• Task goal: Could you please reproduce all the records below exactly, leaving out the images?

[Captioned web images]
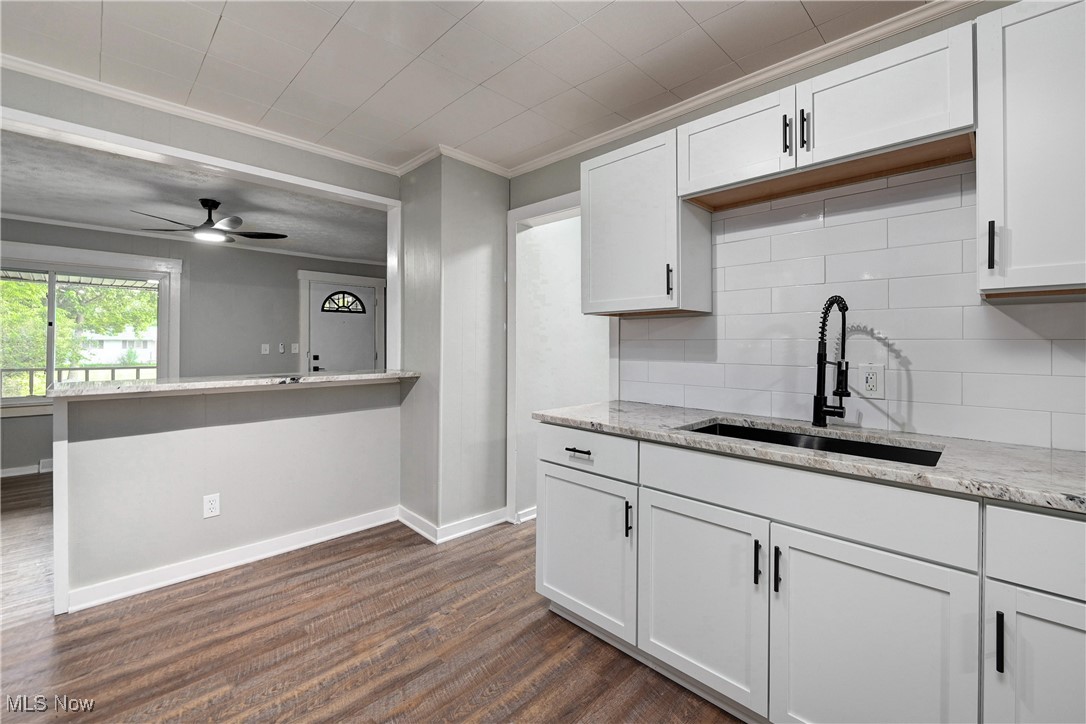 Folletts - Residential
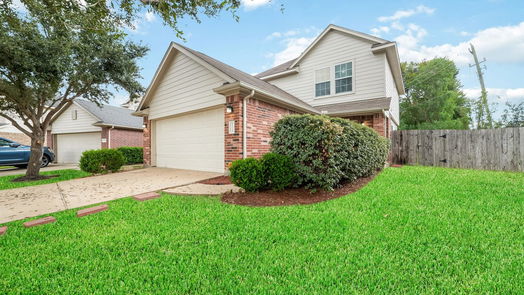 Houston 2-story, 3-bed 12710 Nichole Woods Court-idx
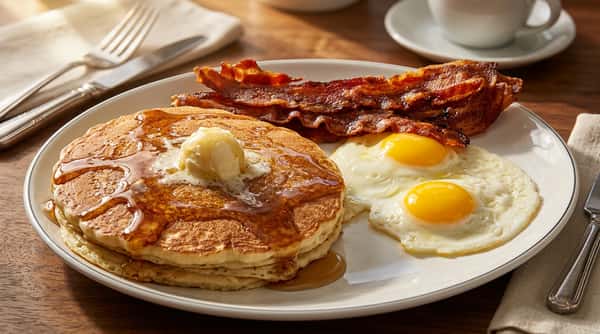 pancakes-bacon-eggs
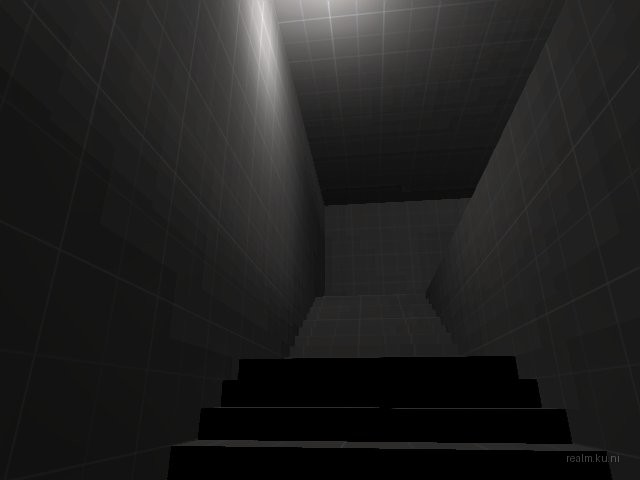 fy_twocubes_v10 thumb 18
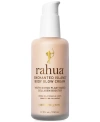 RAHUA ENCHANTED ISLAND BODY GLOW CREAM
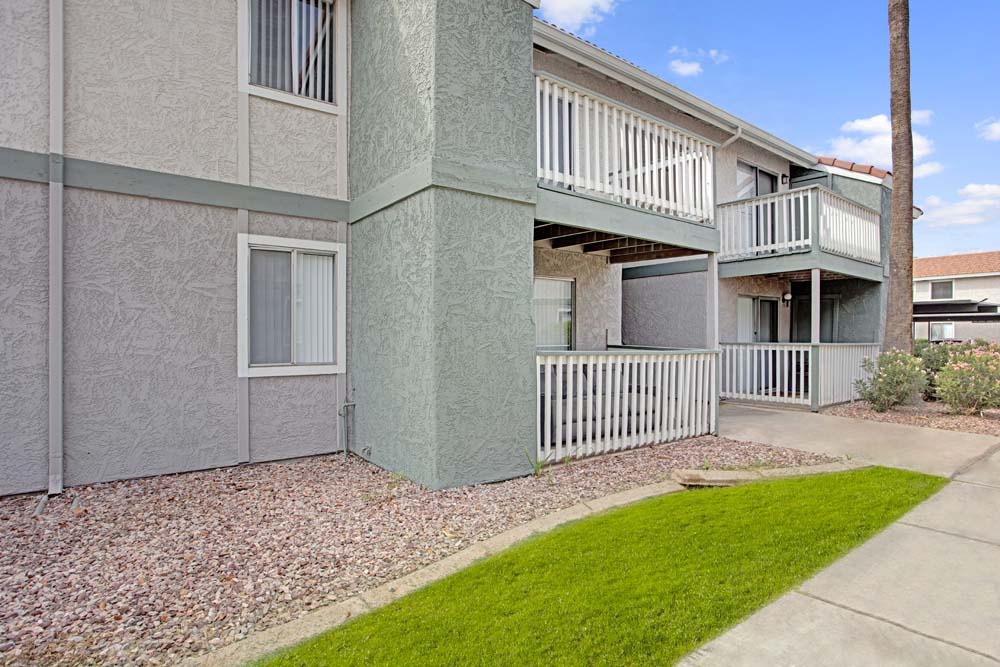 505 West Image 29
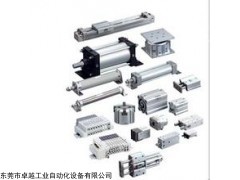 山东smc气缸批发厂家,smc气缸型号大全
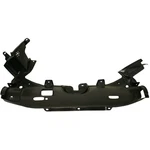 Engine Splash Shield For Honda Pilot 2006-2008 Lower. Fixed Price $53.99.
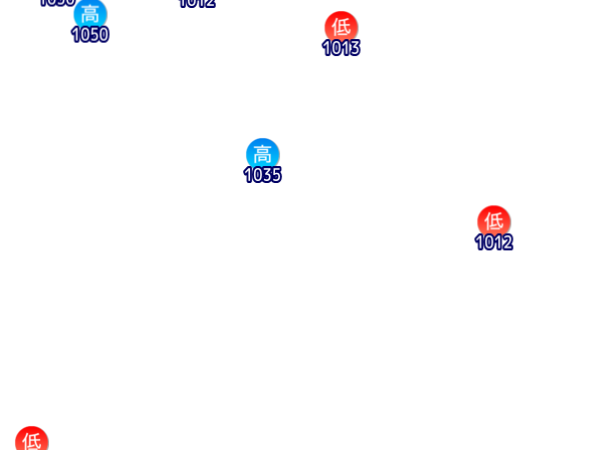 Jmap3 600x450 2025102321 t012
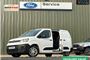 2021 Citroen Berlingo Van 1.5 BHDi 850Kg Crew Van Enterprise 100ps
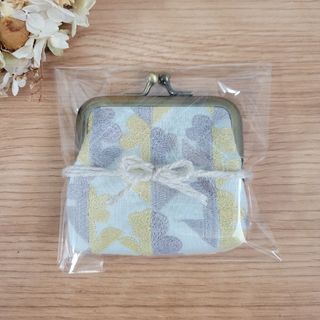 mina perhonen(財布)のフリマアイテム一覧 mina perhonen(財布)のフリマアイテム一覧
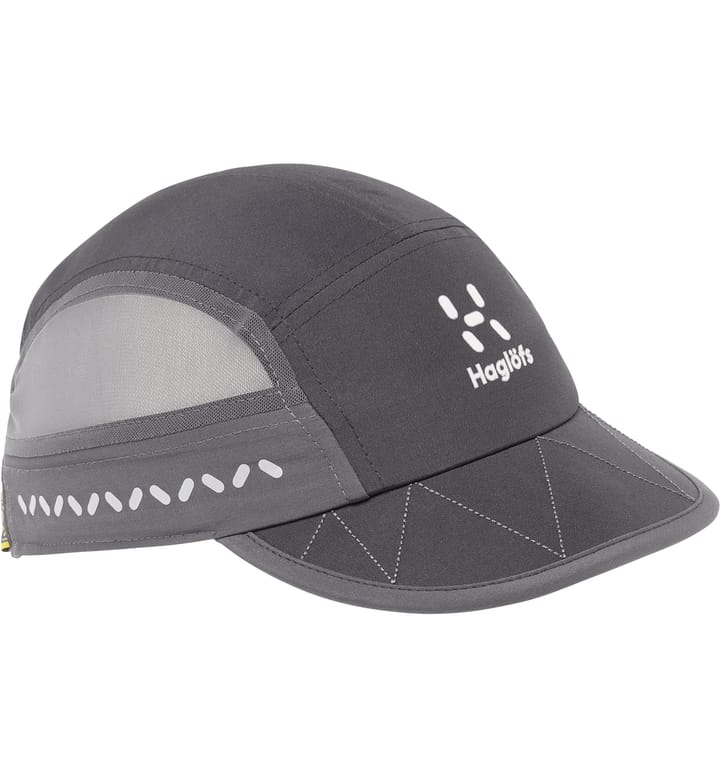 L.I.M Tempo Trail Cap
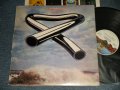 MIKE OLDFIELD - TUBLAR BELLS (ATLANTIC Distribute) (Ex+/Ex+ Looks:Ex++ ) / 1973 US AMERICA ORIGINAL "75 ROCKFELLER Label" Used LP 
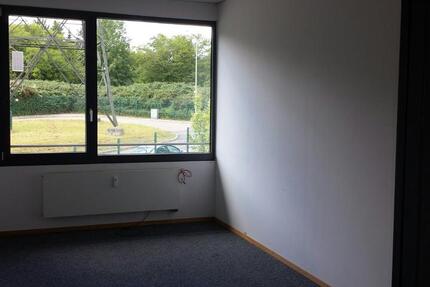 Wohnung Pforzheim Brötzingen - 1 Zimmer, 36 m&sup2;, 500&euro; | Angebot:24846731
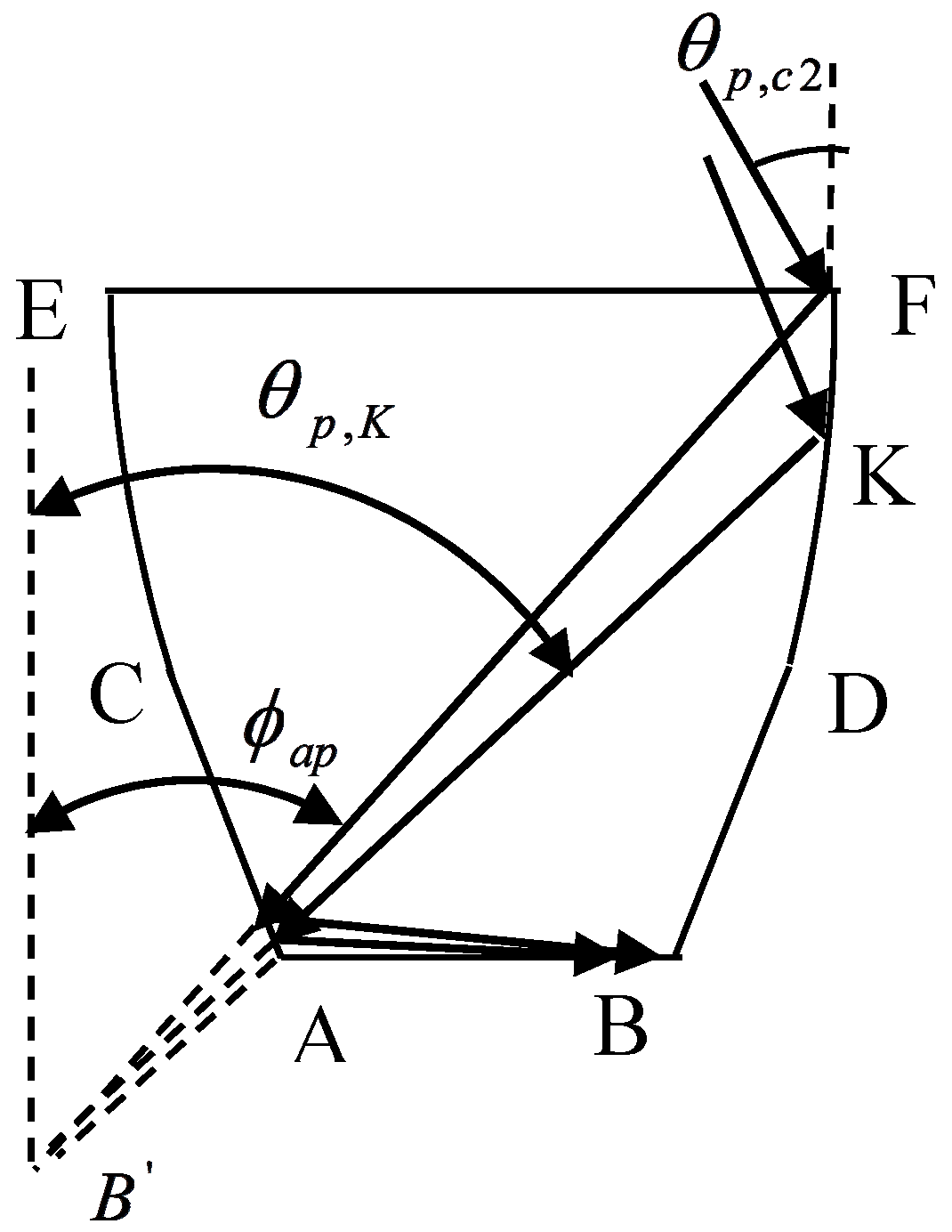 Energies 11 02454 g010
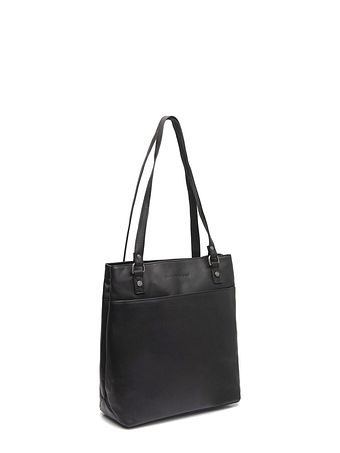 The Chesterfield Brand Raynor Skuldertaske Læder 27 cm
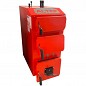 Cazan pe combustibil solid ALTEP PRAKTIK 15KW Cazan pe combustibil solid ALTEP PRAKTIK 15KW
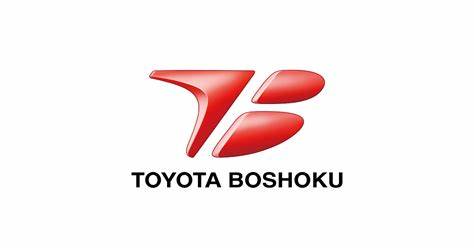 PT-Toyota-Boshoku-Indonesia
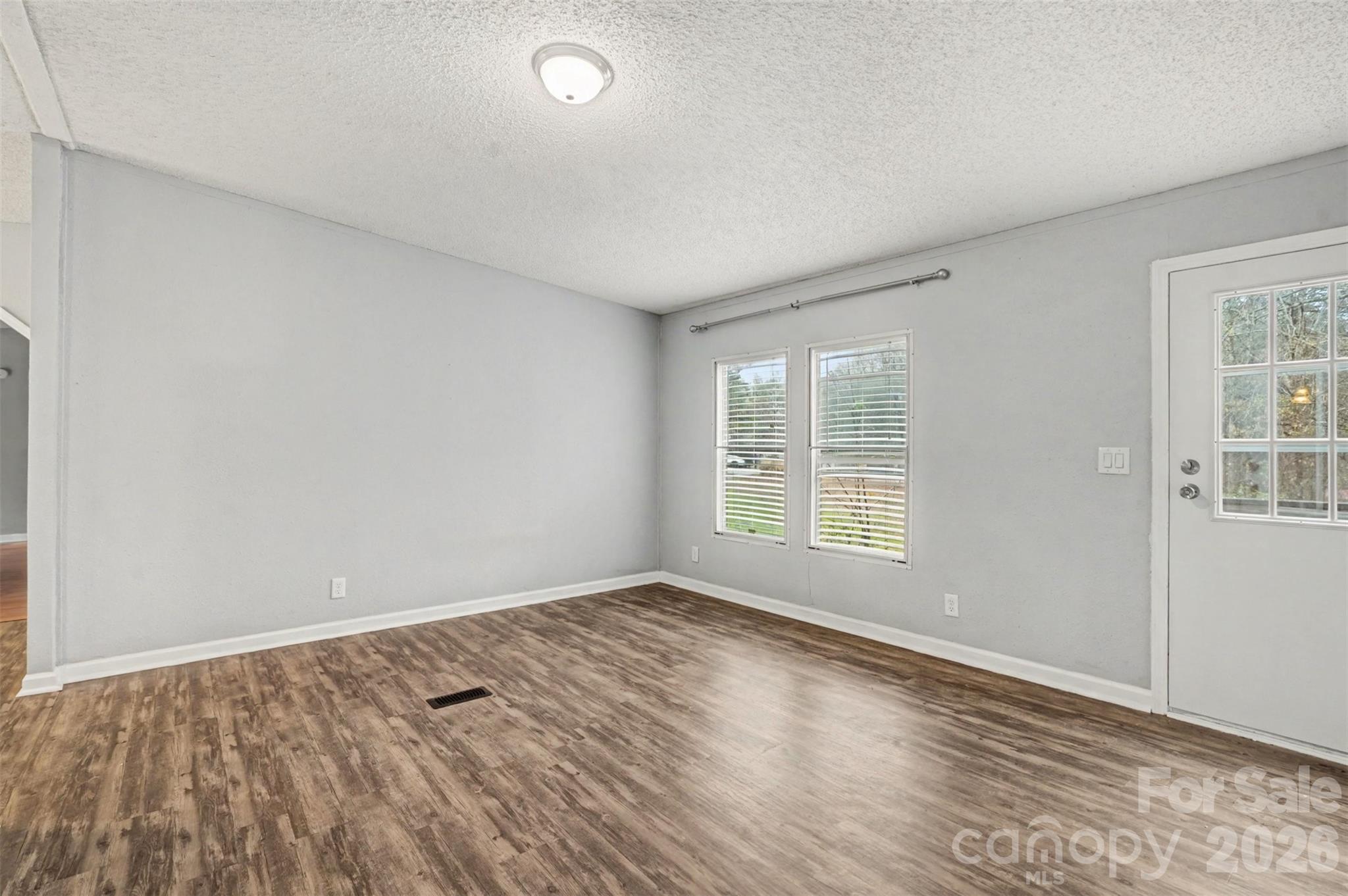 Omalleys Way - Residential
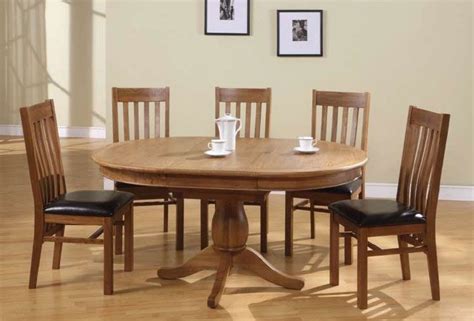 pin   dining table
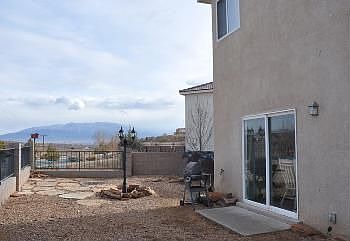 2nd image of 6274 Sierra Nevada Cir NW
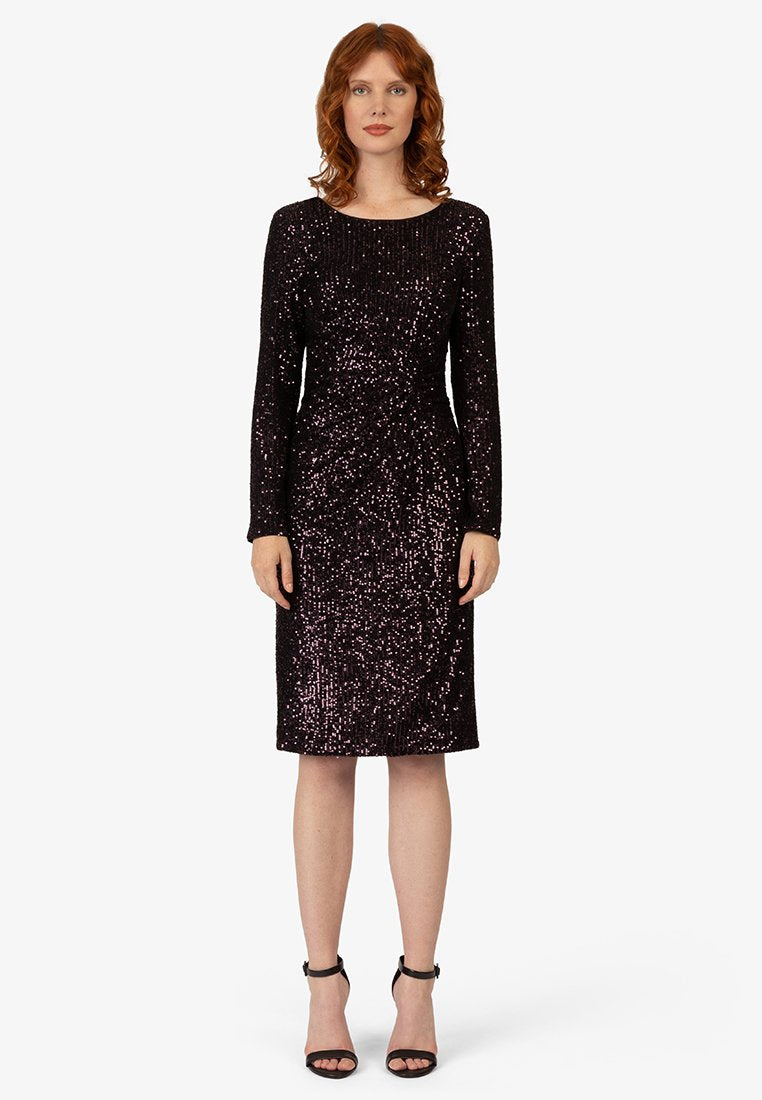 Apart Glamour Cocktailkleid/festliches Kleid Media 1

• Written response:
 Folletts - Residential
 Houston 2-story, 3-bed 12710 Nichole Woods Court-idx
 pancakes-bacon-eggs
 fy_twocubes_v10 thumb 18
 RAHUA ENCHANTED ISLAND BODY GLOW CREAM
 505 West Image 29
 山东smc气缸批发厂家,smc气缸型号大全
 Engine Splash Shield For Honda Pilot 2006-2008 Lower. Fixed Price $53.99.
 Jmap3 600x450 2025102321 t012
 2021 Citroen Berlingo Van 1.5 BHDi 850Kg Crew Van Enterprise 100ps
 mina perhonen(財布)のフリマアイテム一覧 mina perhonen(財布)のフリマアイテム一覧
 L.I.M Tempo Trail Cap
 MIKE OLDFIELD - TUBLAR BELLS (ATLANTIC Distribute) (Ex+/Ex+ Looks:Ex++ ) / 1973 US AMERICA ORIGINAL "75 ROCKFELLER Label" Used LP 
 Wohnung Pforzheim Brötzingen - 1 Zimmer, 36 m&sup2;, 500&euro; | Angebot:24846731
 Energies 11 02454 g010
 The Chesterfield Brand Raynor Skuldertaske Læder 27 cm
 Cazan pe combustibil solid ALTEP PRAKTIK 15KW Cazan pe combustibil solid ALTEP PRAKTIK 15KW
 PT-Toyota-Boshoku-Indonesia
 Omalleys Way - Residential
 pin   dining table
 2nd image of 6274 Sierra Nevada Cir NW
 Apart Glamour Cocktailkleid/festliches Kleid Media 1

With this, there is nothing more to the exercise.